Work to complete — Please repeat, exactly and with nothing extra, the line containing "lion head silhouette vector illustration lion" and every line after it up to the end of the material.

◇ ◇ ◇ ◇

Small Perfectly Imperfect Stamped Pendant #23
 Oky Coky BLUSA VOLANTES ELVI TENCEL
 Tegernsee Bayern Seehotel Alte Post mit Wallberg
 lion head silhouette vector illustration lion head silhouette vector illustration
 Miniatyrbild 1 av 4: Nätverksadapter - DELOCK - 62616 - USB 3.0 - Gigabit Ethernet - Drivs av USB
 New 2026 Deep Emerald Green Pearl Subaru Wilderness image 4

◇ ◇ ◇ ◇

Exercise answer —
 lion head silhouette vector illustration lion head silhouette vector illustration
 Miniatyrbild 1 av 4: Nätverksadapter - DELOCK - 62616 - USB 3.0 - Gigabit Ethernet - Drivs av USB
 New 2026 Deep Emerald Green Pearl Subaru Wilderness image 4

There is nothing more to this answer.